Tuesday 25 August 2009

None more black

Jet is very black. So much so that they call things that are really black jet-black. (Let's forget for a second that jet can also be dark brown). It has a long history of use in jewellery, despite it being more of a fossil than a mineral. It has - slightly condescendingly -been called a mineraloid. I'm always a little disappointed to be described as a humanoid. It's like I didn't quite make the grade.

Jet is actually a dense form of lignite - a coal. It's thought the best jet is fossilised Araucaria wood, better known as the monkey puzzle tree. Given how it can be found in the stratigraphy, most jet seems to have been initially deposited as driftwood. A softer form was originally laid down in freshwater. Another form of coal, anthracite, is often mistaken for jet, but true jet takes a far better polish than the pretenders.

Whitby, in Yorkshire, has long been a centre for jet jewellery, as some seams around that area provide very high grade material. A lot of material is also washed up on the beaches around that part of the coast, though it tends to be of lesser quality than the material directly mined.
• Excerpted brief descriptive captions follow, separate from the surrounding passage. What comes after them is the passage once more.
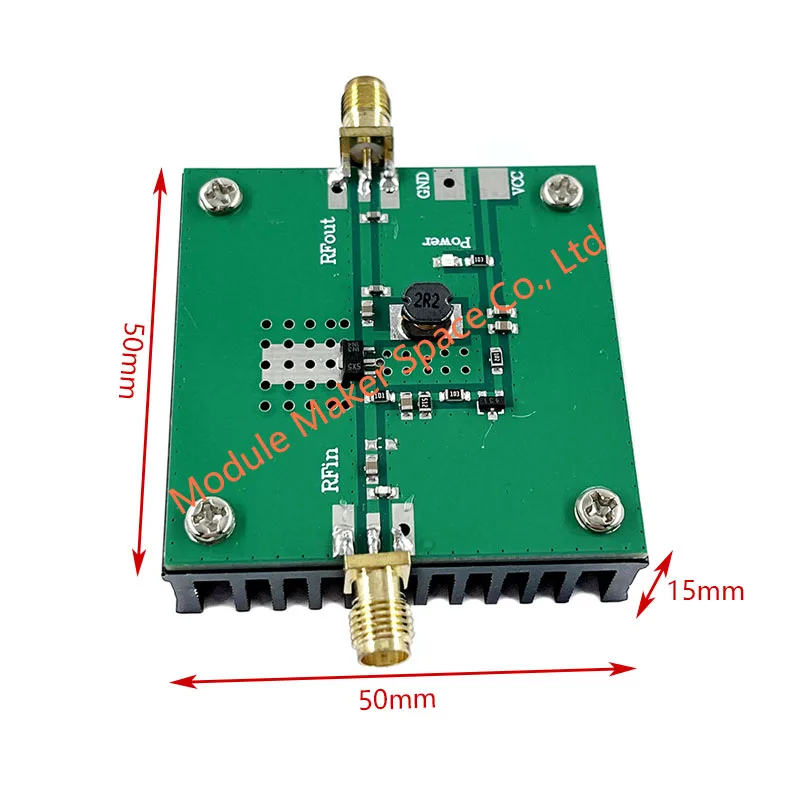Moduł wzmacniacza mocy RF 433 MHz 5 W (380–450 MHz) – wejście 0,1 W do wyjścia 5 W przy 7,2 V, do radia UHF, pilota, IoT — zdjęcie produktu 5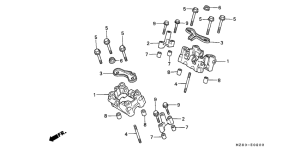 NTV650 Распределительный вал holder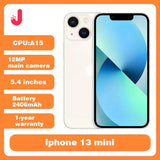 Apple iPhone 13 Mini Original unlock 5.4' Super Retina XDR Display 4GB RAM 128/256GB A15 Bionic Chip 5G Used Cellphone - Emart
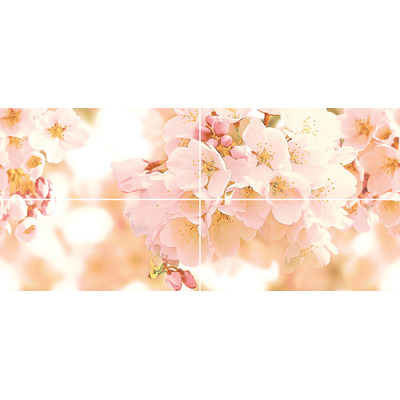 Панно Cersanit (Церсанит) Sunrise 40х88 см Разноцветное CW2H454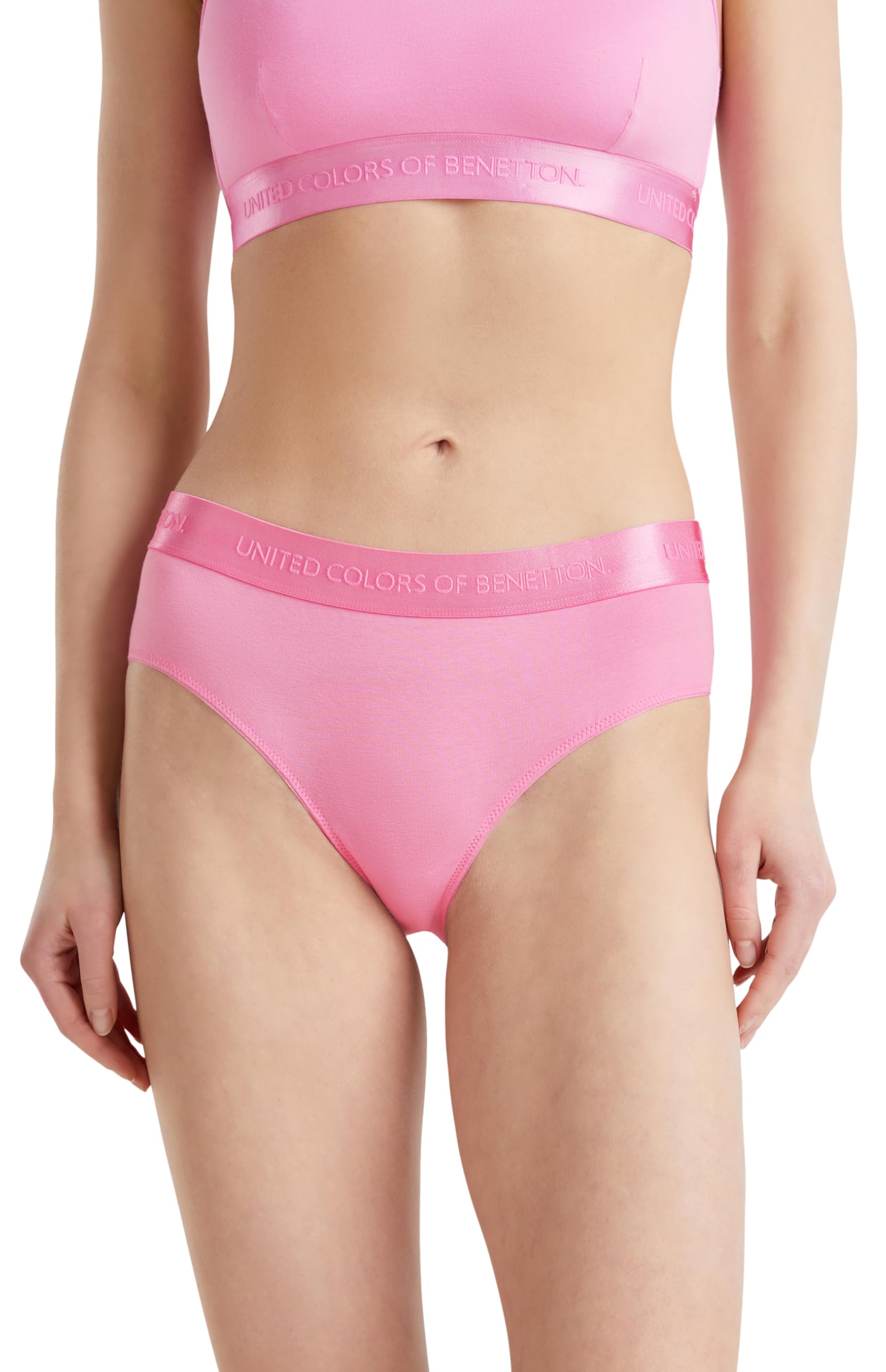 Benetton Slip Fianco Alto Cotone Organico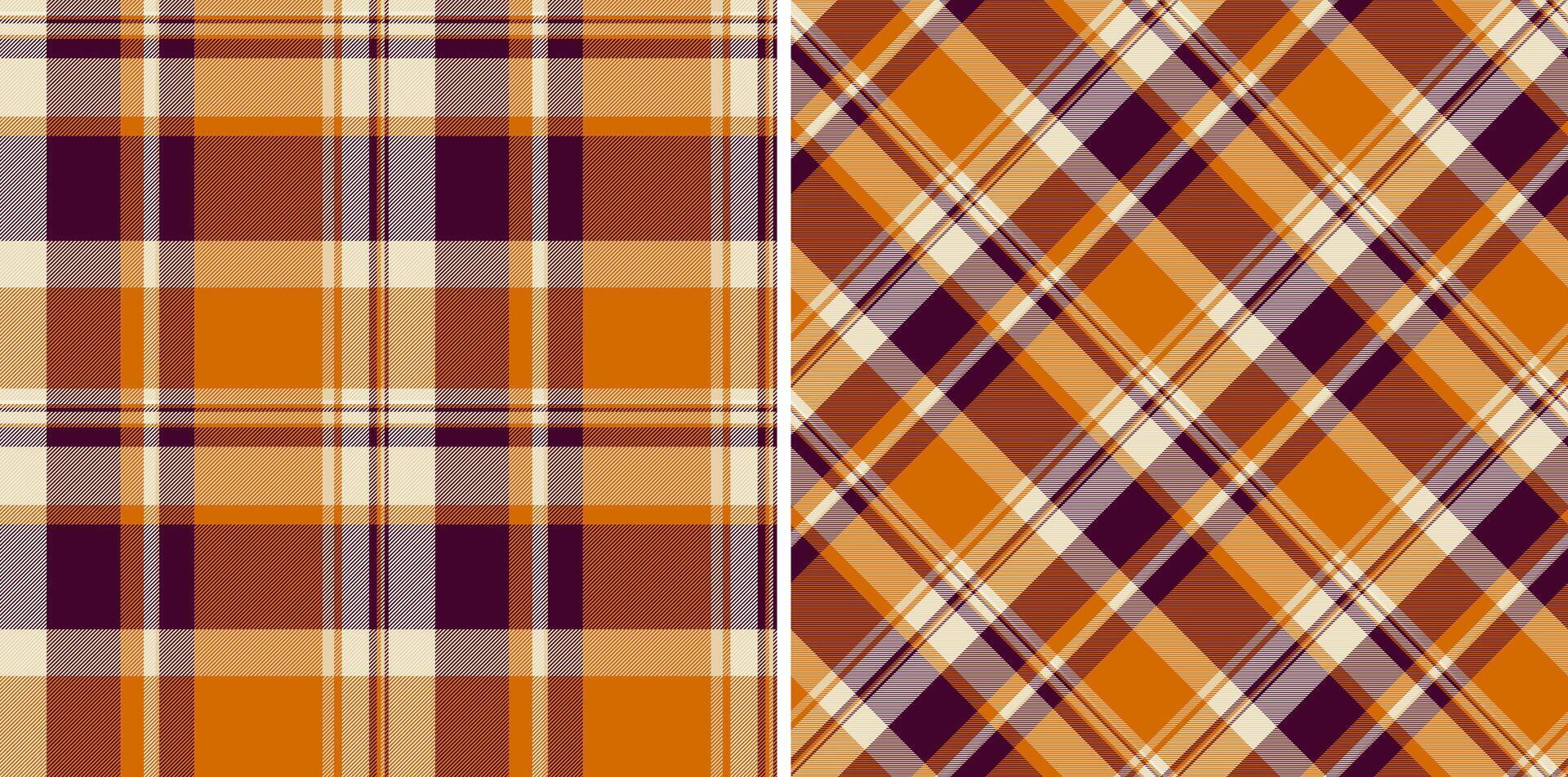 Verifica desatado tecido do vetor tartan têxtil com uma fundo textura padronizar xadrez.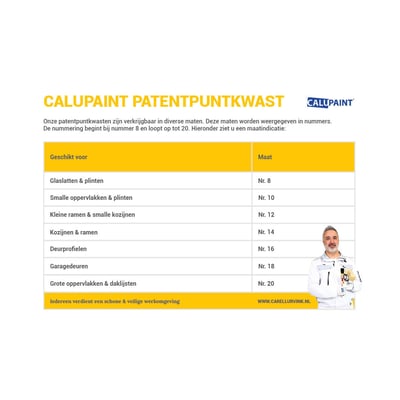 CaluPaint patentpuntkwast 38 blauw nr. 8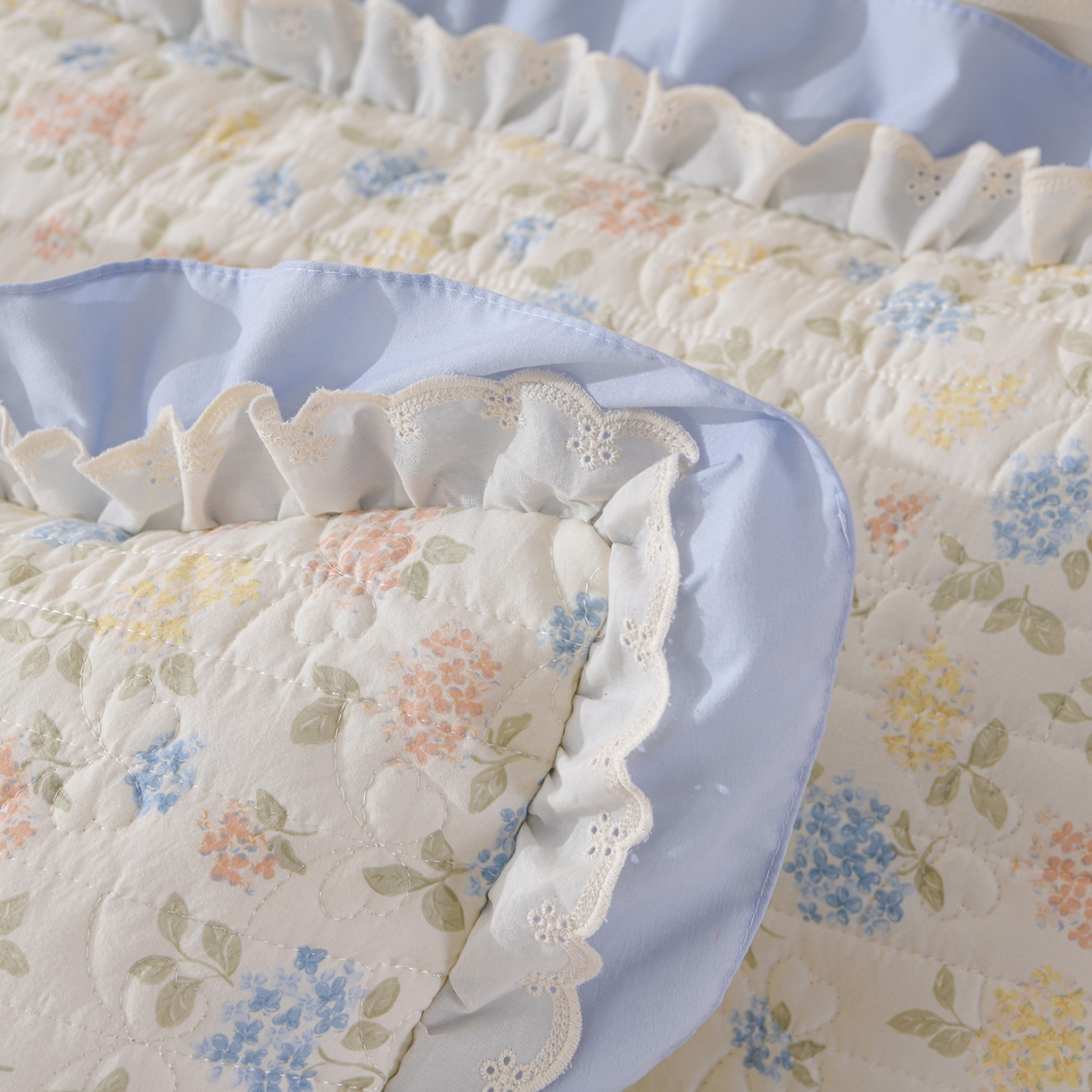 91家纺网 家纺一手货源 找家纺 金梦家居 2026新款水洗棉床盖被套四件套 花团锦簇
It's harder to find now, but there is still enough to keep a few jewellery makers going. Vikings used to come to Yorkshire to get jet, taking a break from their raping and pillaging to pick out a pretty brooch. The oldest jet jewellery, though, is thought to be between 16 and 17,000 years old, and plenty of 10,000 year old stuff has been found in Germany.

Queen Victoria was a big fan of jet. Because it's black and it went with her dresses. Her endorsement saw a bit of a boom in the trade. It's not quite as popular now as it was back then, or in the twenties, but it's still a nice stone. And I like nice stones.